#### MATERIAL FOR THIS TASK:
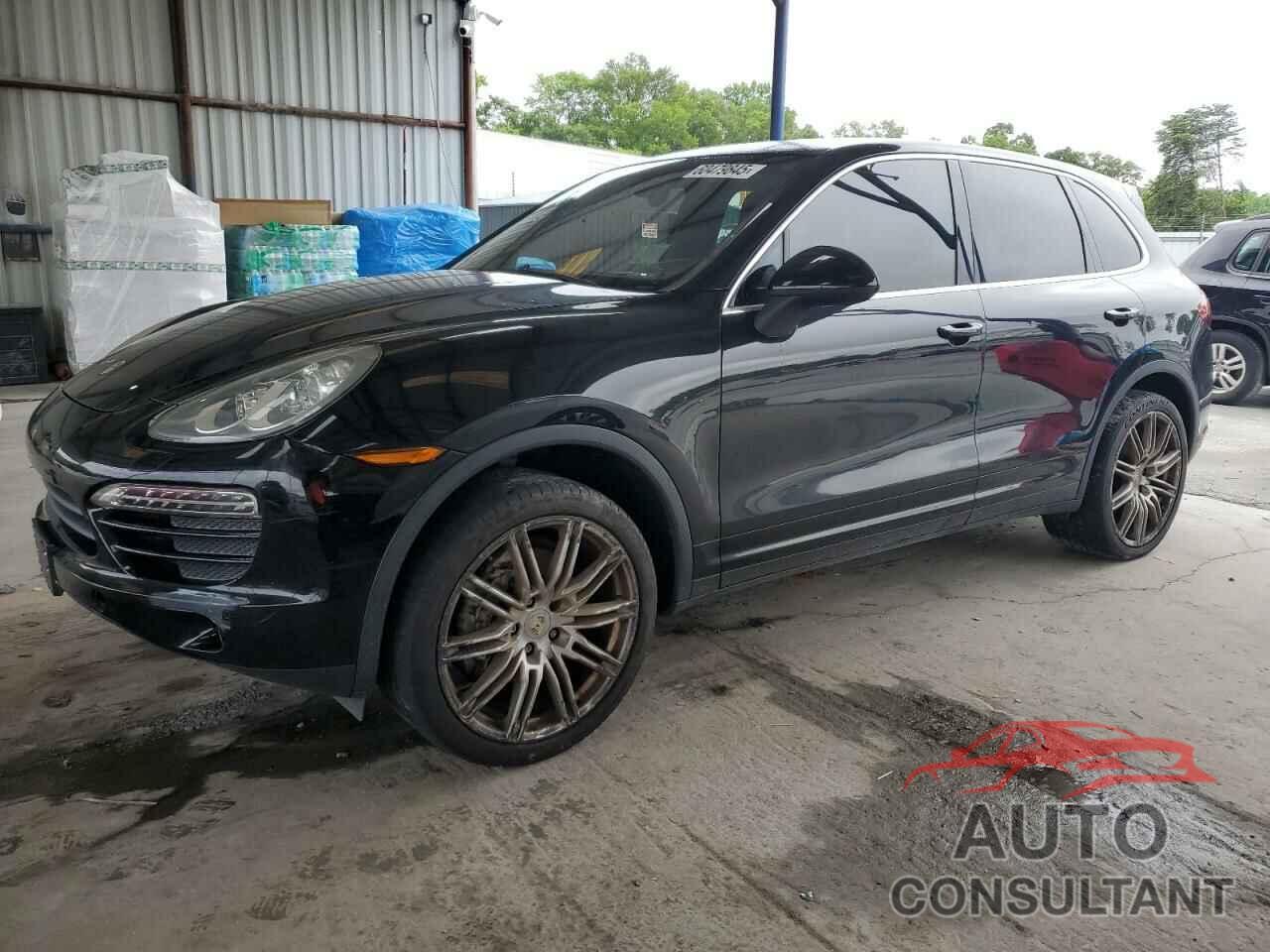 PORSCHE CAYENNE 2012 - WP1AA2A25CLA00106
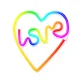 RGB LED Неон Forever Light FLRN02 LOVE W SERCU с пультом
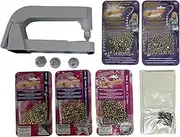 Bedazzler Deluxe MEGA Set- The Original Bedazzler Rhinestone and Stud Setting Machine Complete Kit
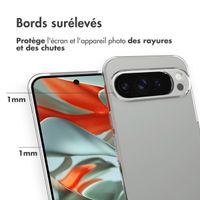 Accezz Coque Clear Google Pixel 10 Pro XL - Transparent
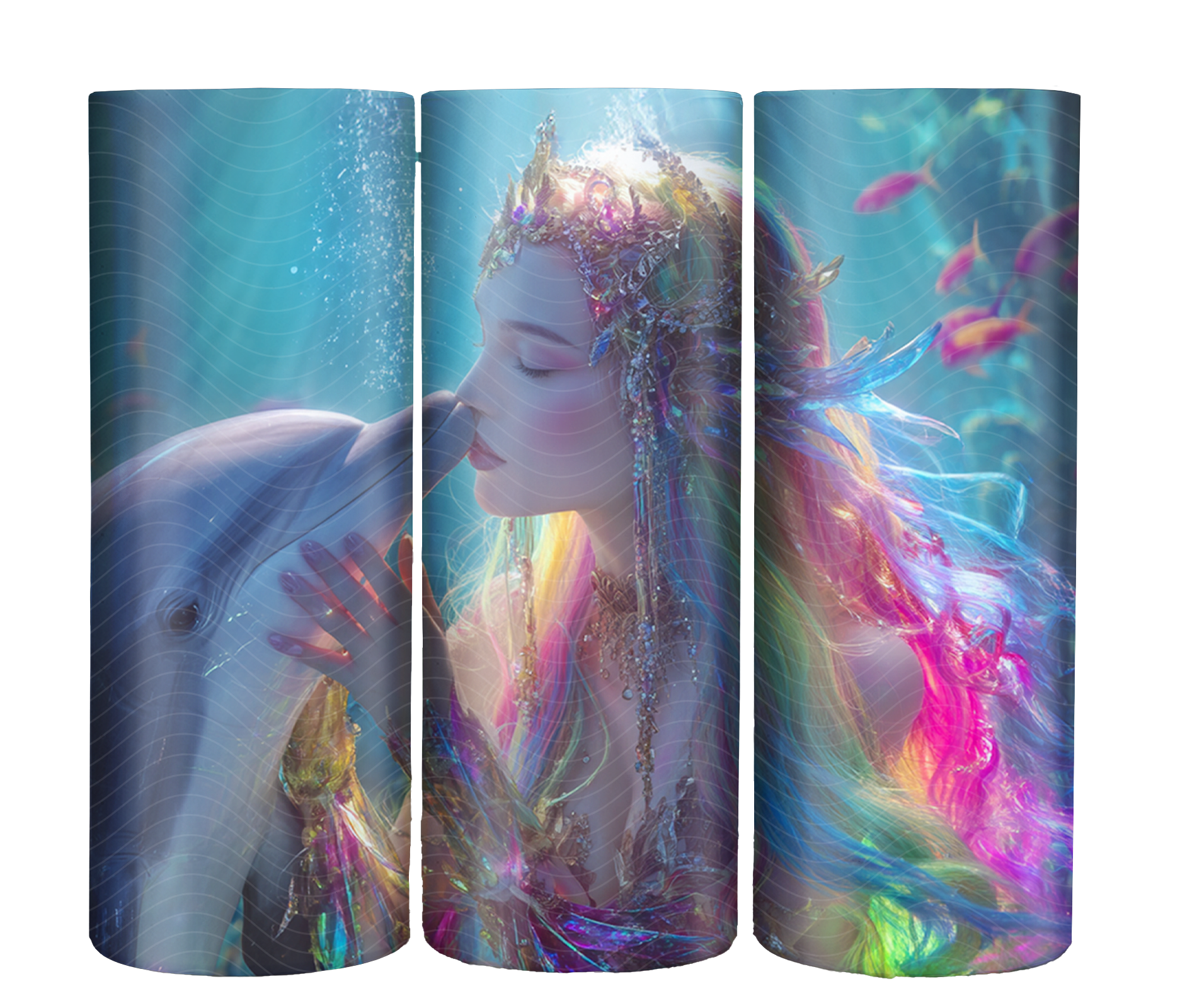 Coralynne – The Rainbow Siren - Luna Love Creations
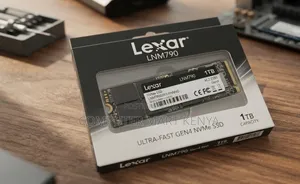 Lexar LNM790 Gen4 NVMe SSD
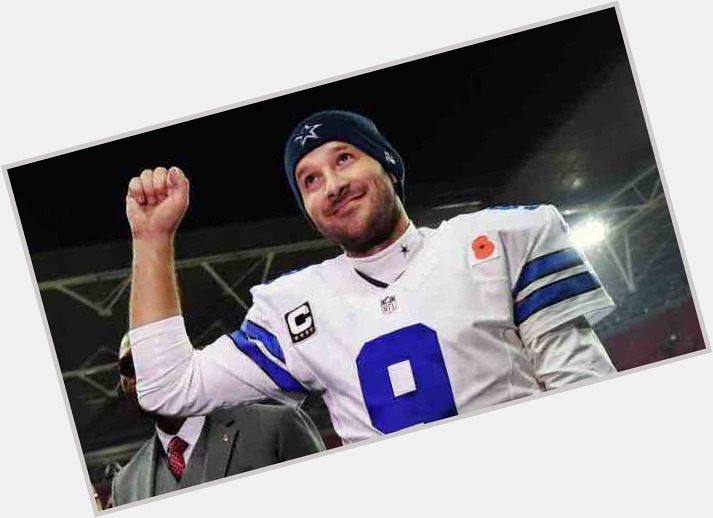 Happy birthday to one of the best QBs of all-time, Tony Romo!!! 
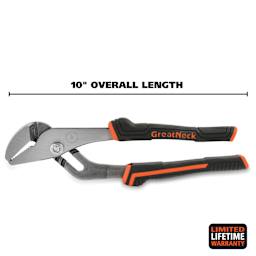 GreatNeck Groove Joint Pliers - dimensions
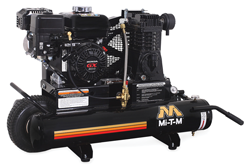 Mi-T-M 8-gallon compressor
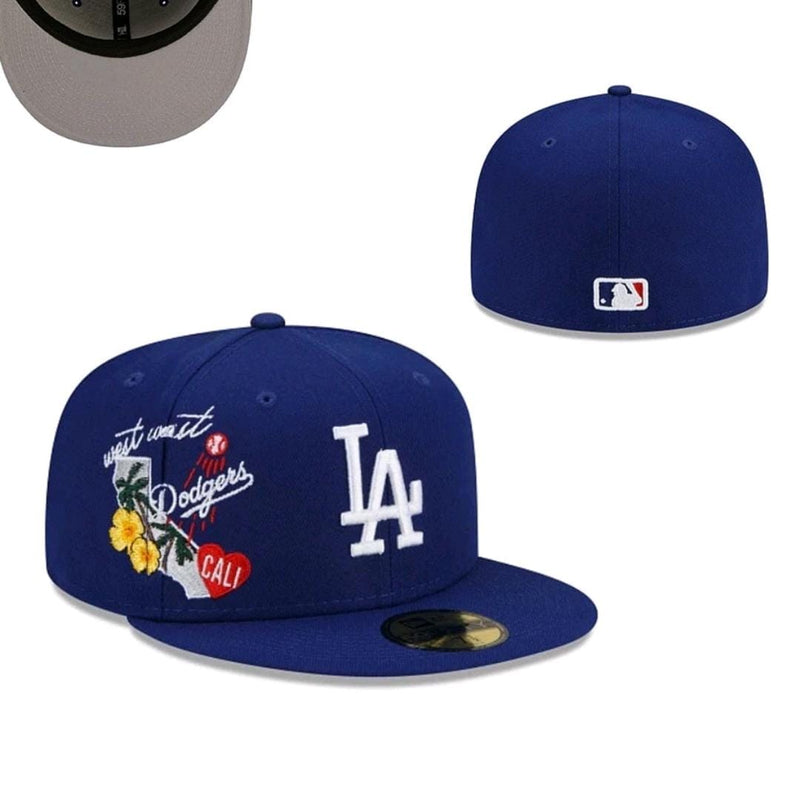 New Era Men's Navy Los Angeles Dodgers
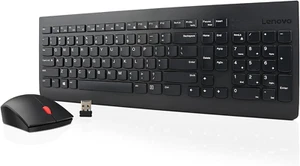 Lenovo 510 Wireless Keyboard & Mouse Combo, 2.4 Ghz Nano USB Receiver, Full Size - Afbeelding 1 van 12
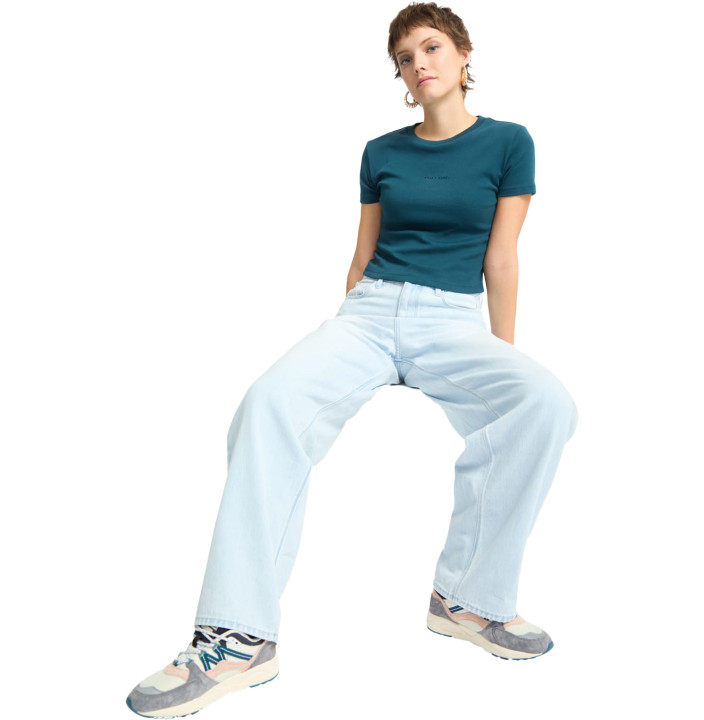 VOLCOMSTONE TIGHT CROP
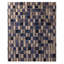 Scandinavian Rug In Gray, Blue, Black Geometric Pattern By Rug & Kilim-1758118540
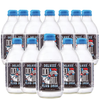 Cock n Bull Club Soda 10oz Soda Bottles - Ideal Mixer for Cocktails, Mocktails, and Bartenders - Premium Quality for Perfect Mixed Drinks - Refreshing Flavor Profile- Made In USA - GoDpsMusic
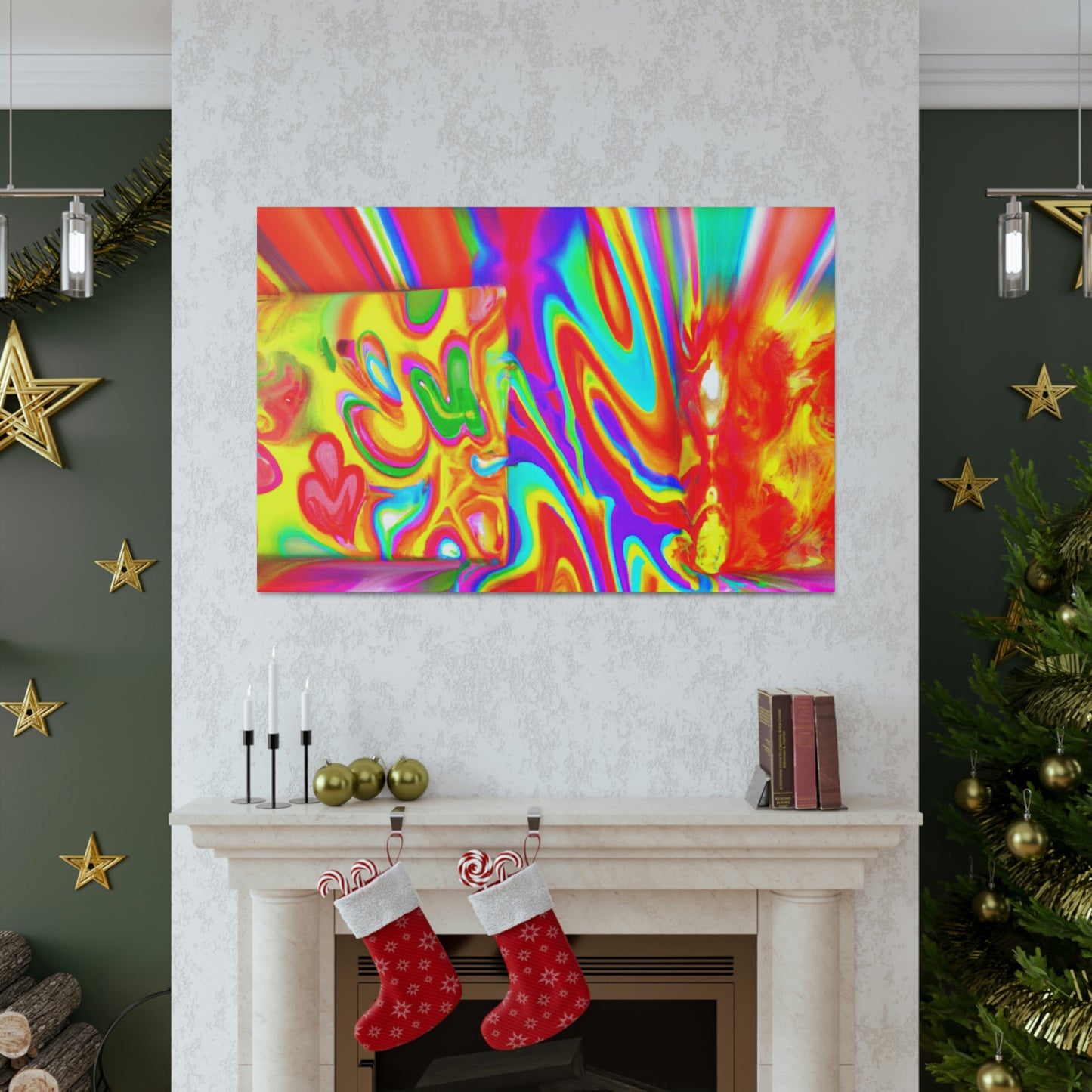 Artemisia Gentileschi - canvas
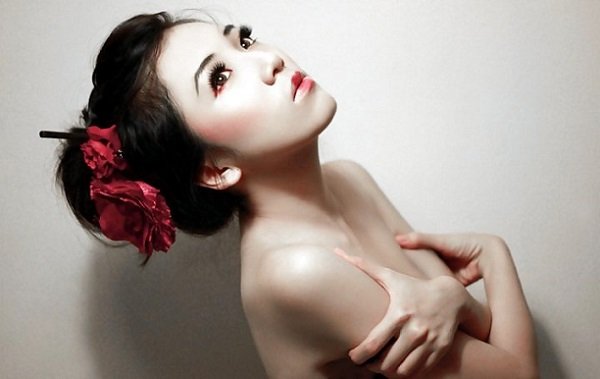 Японський макіяж: від повсякденного до святкового мейк апу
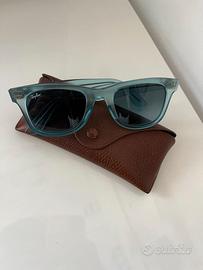 Ray-Ban Wayfarer Rb2140 Ice Pop blueberry limited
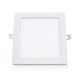 Plafonnier LED Blanc 200 x 200 18W 4000K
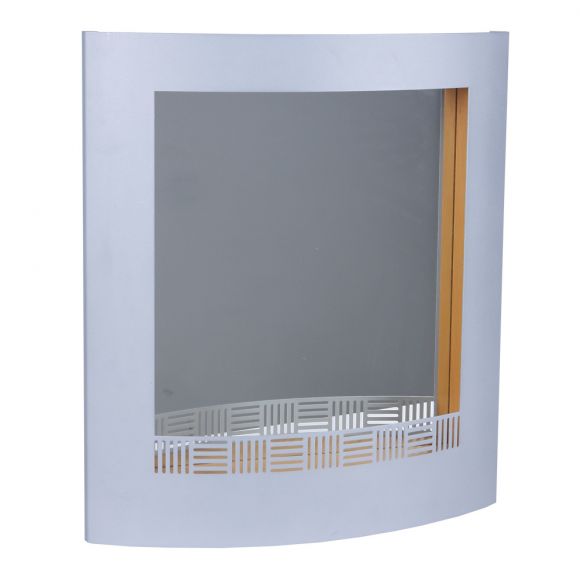 Spiegel Window mit Ablage silber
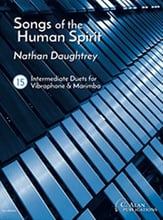 Songs of the Human Spirit Vibraphone and Marimba Duet Collection cover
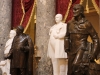 Statuen im Washington Kapitol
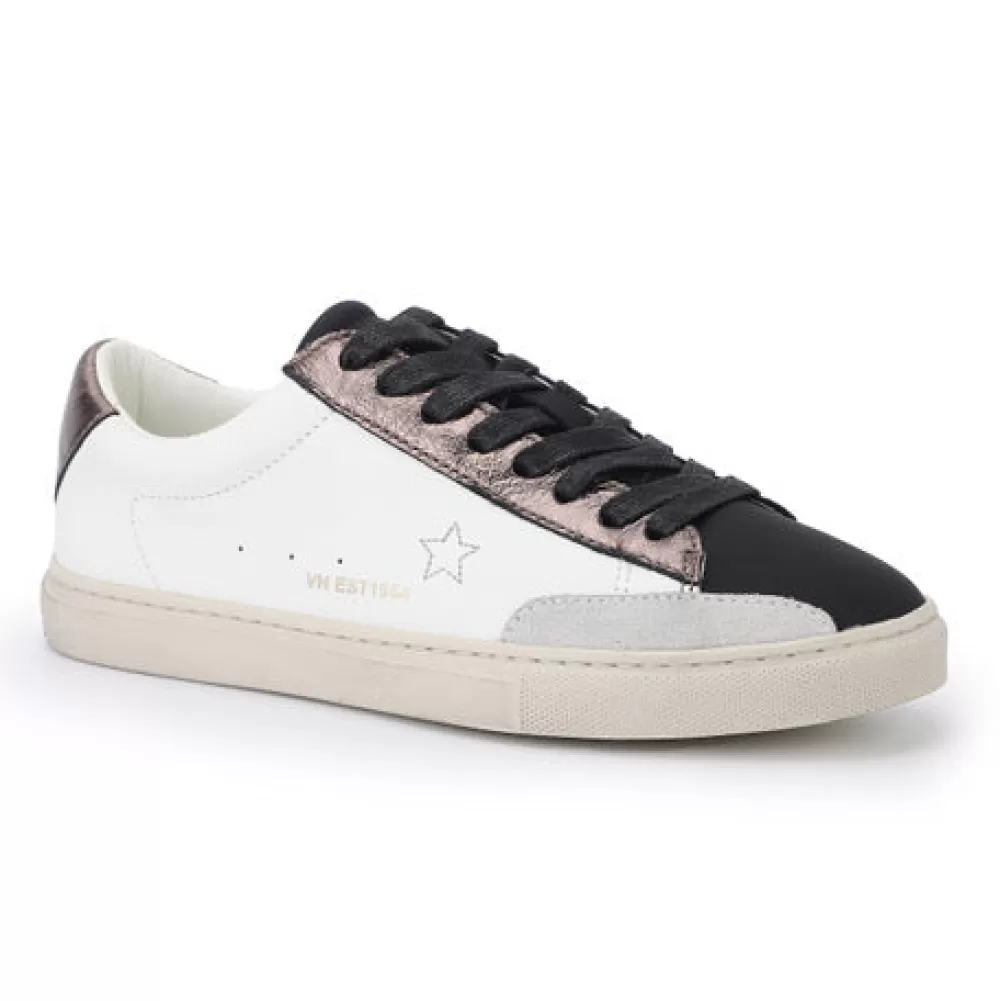 Vintage Havana MELISSA - WHITE PEWTER BLACK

#### PROBLEM:
Look above for the line with "Mi-T-M 8-gallon compressor" and the line with "Японський макіяж: від", then restate exactly those two lines and all lines between them, with no pictures.

#### ANSWER TO THE EXERCISE:
 Mi-T-M 8-gallon compressor
 New Era Men's Navy Los Angeles Dodgers
 Lenovo 510 Wireless Keyboard & Mouse Combo, 2.4 Ghz Nano USB Receiver, Full Size - Afbeelding 1 van 12
 VOLCOMSTONE TIGHT CROP
 Scandinavian Rug In Gray, Blue, Black Geometric Pattern By Rug & Kilim-1758118540
 Cock n Bull Club Soda 10oz Soda Bottles - Ideal Mixer for Cocktails, Mocktails, and Bartenders - Premium Quality for Perfect Mixed Drinks - Refreshing Flavor Profile- Made In USA - GoDpsMusic
 Artemisia Gentileschi - canvas
 Японський макіяж: від повсякденного до святкового мейк апу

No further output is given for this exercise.